*Assignment*: Give back every record below in full and exactly, but without a single image.

── Task inputs

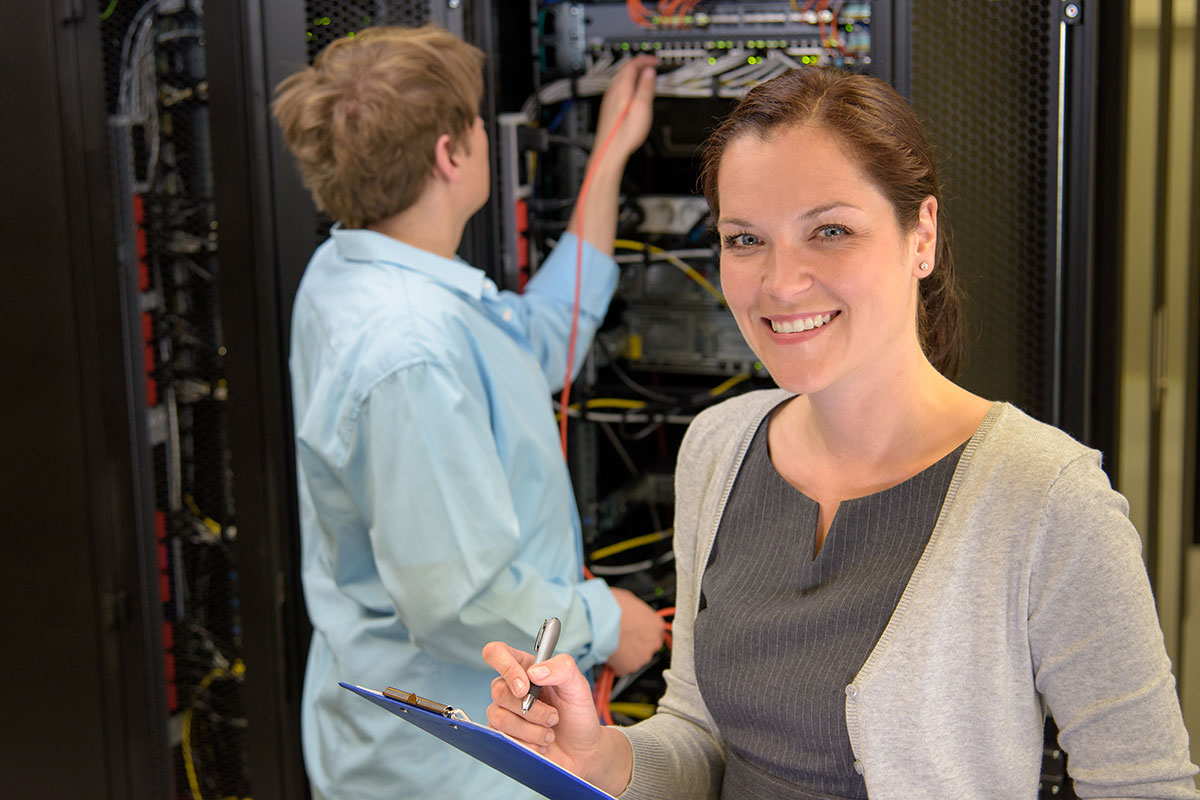 Serverraum – technische Infrastruktur als Grundlage für IT-Sicherheit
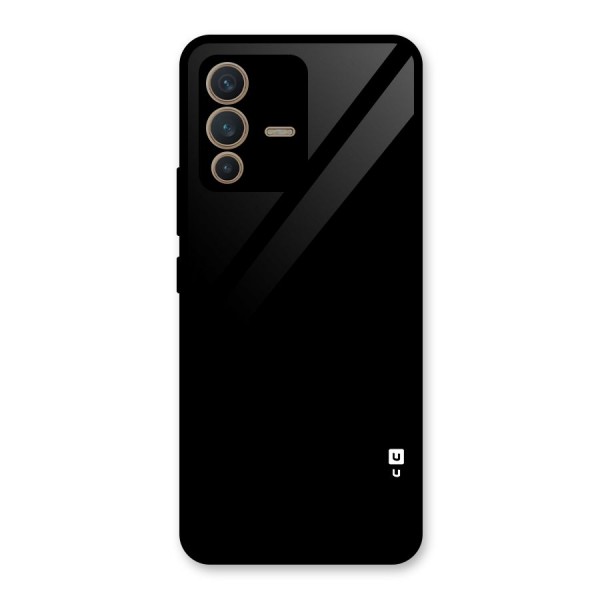 Just Black Glass Back Case for Vivo V23 5G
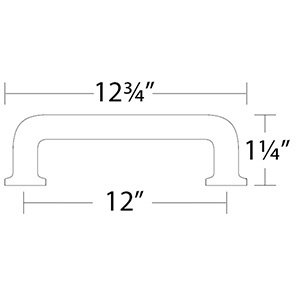 86639 - Timeless Classics - 12" Westridge Pull - Satin Brass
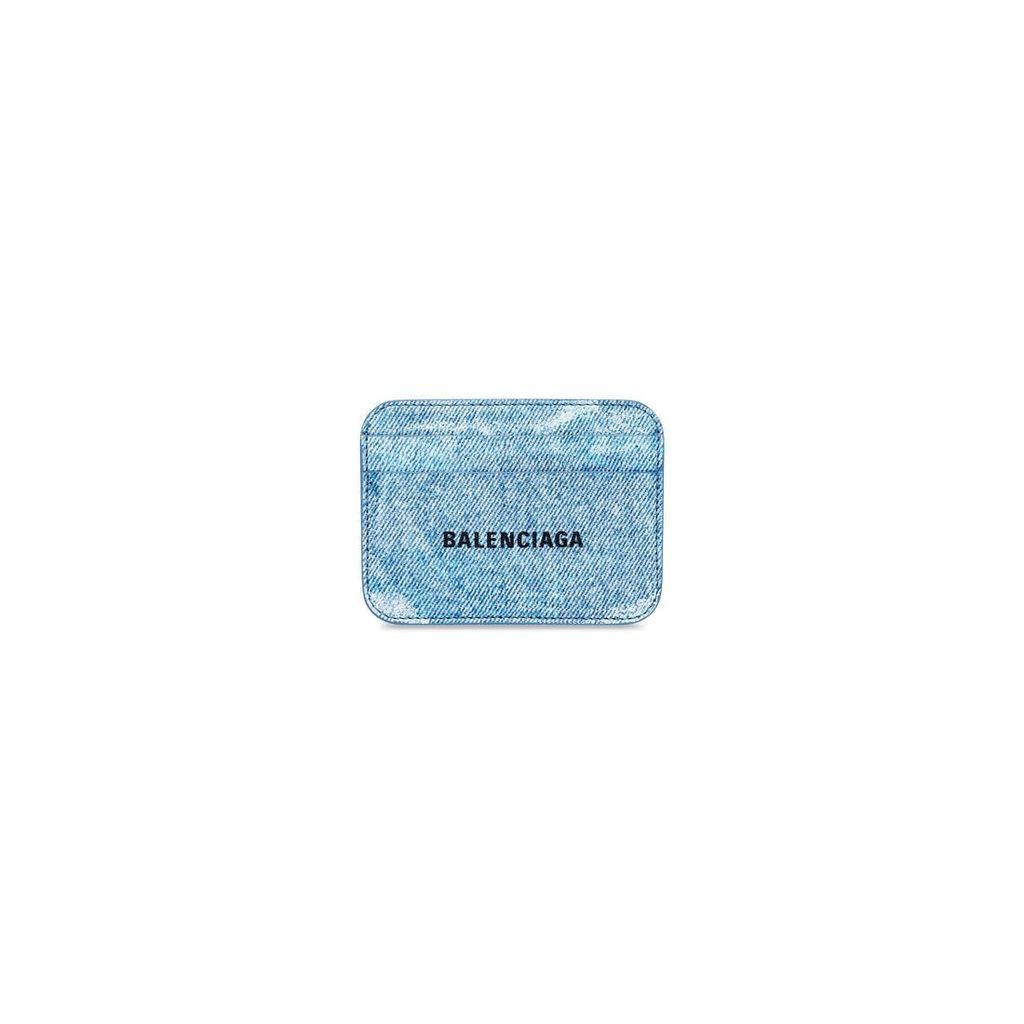 Cash Card Holder Denim Print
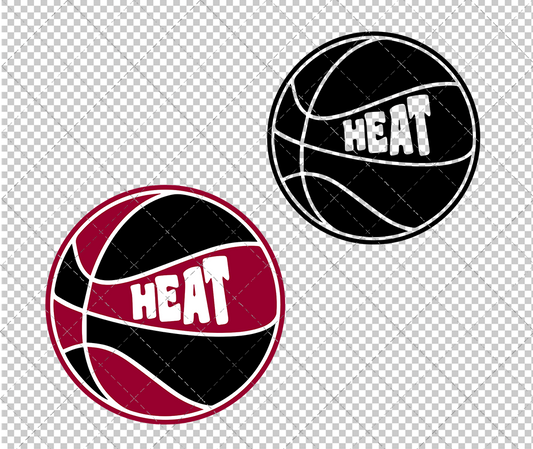Miami Heat Concept 2008 008, Svg, Dxf, Eps, Png - SvgShopArt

────

*Exercise output*:
 Serverraum – technische Infrastruktur als Grundlage für IT-Sicherheit
 Just Black Glass Back Case for Vivo V23 5G
 86639 - Timeless Classics - 12" Westridge Pull - Satin Brass
 Cash Card Holder Denim Print
Miami Heat Concept 2008 008, Svg, Dxf, Eps, Png - SvgShopArt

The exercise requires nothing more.